While in her mid-30s, Shoman was appointed to chair the board of directors of Belize Telecommunications Limited (1998–2000). In December 2009, she was elevated to the rank of Senior Counsel by the then Chief Justice of Belize, Dr Abdulai Conteh.

Her first national appointment came in 2000 when she became Ambassador/Permanent Representative of Belize to the Organization of American States on August 25, 2000, and she served concurrently as High Commissioner of Belize to Canada until 2003. She was also appointed Belize’s ambassador to the United States in August 2000. During her tenure, Shoman served as vice-chair of the Permanent Council of the OAS.

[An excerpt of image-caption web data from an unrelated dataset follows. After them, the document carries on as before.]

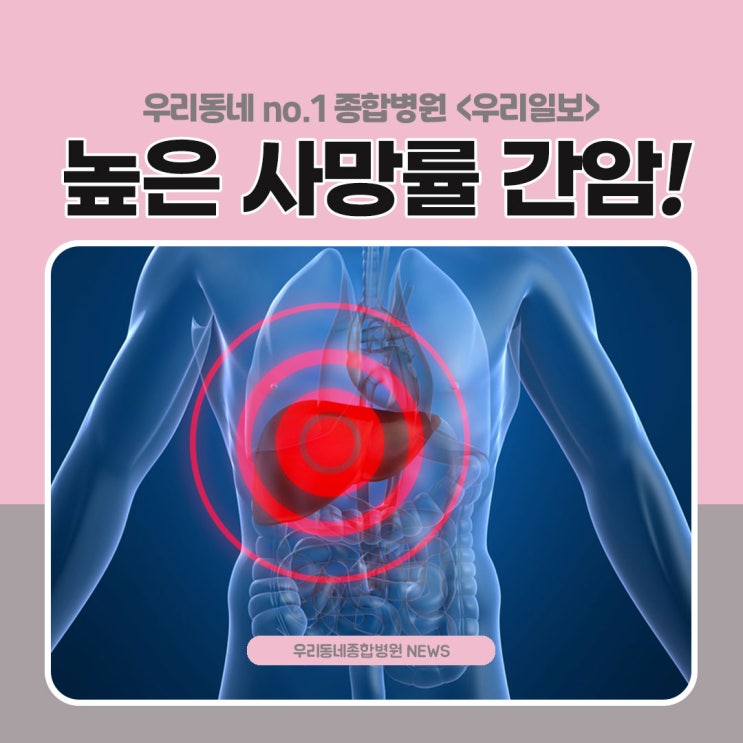  높은 사망률을 나타내는 간암 사전에 예방해보세요
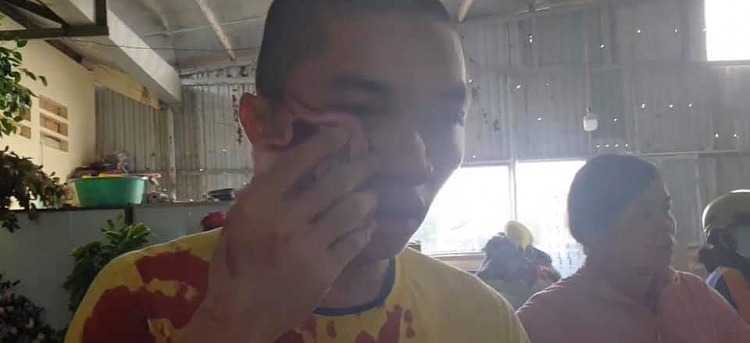 vu dai nao tinh that bong lai tinh that mat cap 300 trieu dong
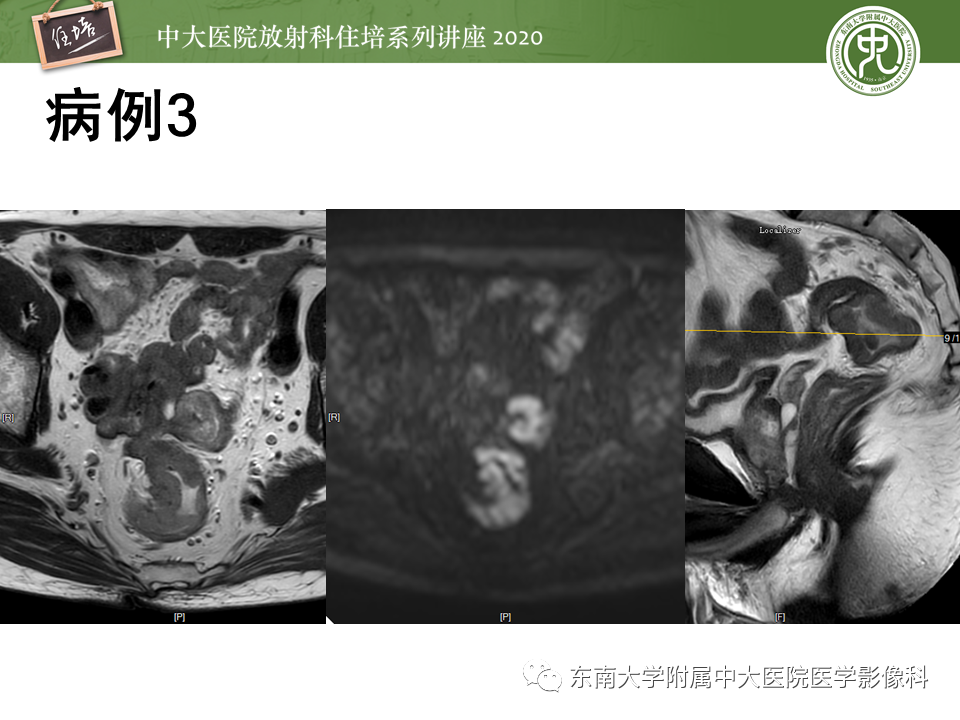影像PPT - 【PPT】直肠癌影像临床分期注意事项-29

In June 2007, then Prime Minister Said Musa appointed her to the Senate of Belize, and made her the country’s first female Minister of Foreign Affairs & Foreign Trade. Shoman held this position until Musa’s party, the People's United Party, ceded power in 2008, when she returned to private practice.

Shoman has remained an active advocate, heading the legal team challenging controversial constitutional changes proposed by the ruling United Democratic Party. When Prime Minister Dean Barrow alleged that his predecessor, Said Musa had secretly diverted public funds and charged him with theft, Shoman was on the legal team that ensured Musa’s acquittal.

The-then Leader of the Opposition, Johnny Briceño appointed Shoman as a Senator for a second time in 2009. In 2017, Shoman was chosen to serve on the Inter-American Development Bank’s (IDB) Administrative Tribunal. In 2019, it was reported that Shoman would work on proposed cybercrime legislation in Belize.

== Political positions ==
Shoman is a proponent of cannabis legalization in Belize, arguing in a 2017 op-ed that the country should legalize and tax cannabis sales. She argued that legalizing the sale of cannabis would benefit the country's tourism industry.

==Personal life==

In 2009, Shoman married Caribbean writer Joey Clarke.